■ Assignment: Omitting all pictures, print the lines of the listing from the one containing "что такое блатной косяк блеать?, Мем GTA" through the final line, both ends included, with no other text.

■ Data below:
------------------------------------------------------------------------

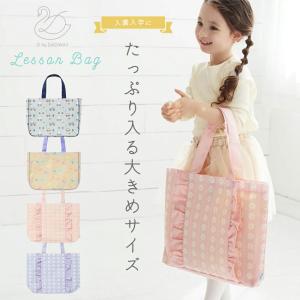 通園 通学 セット イージー オーダー セミオーダー オーダーメイド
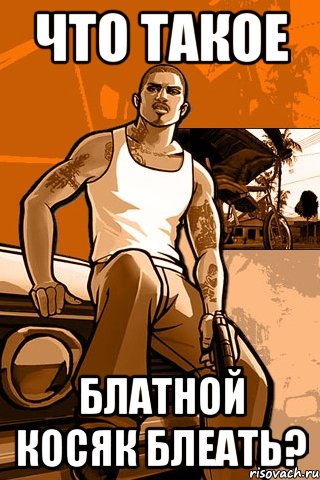 что такое блатной косяк блеать?, Мем GTA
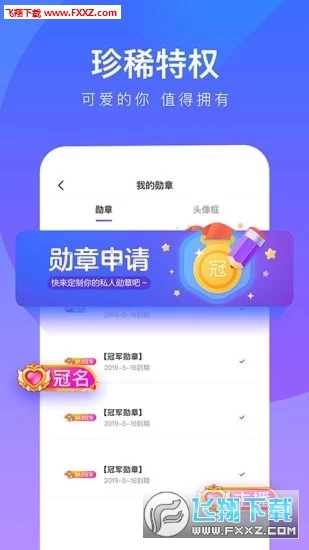 77爱玩安卓版图1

------------------------------------------------------------------------

■ Your response:
 что такое блатной косяк блеать?, Мем GTA
 77爱玩安卓版图1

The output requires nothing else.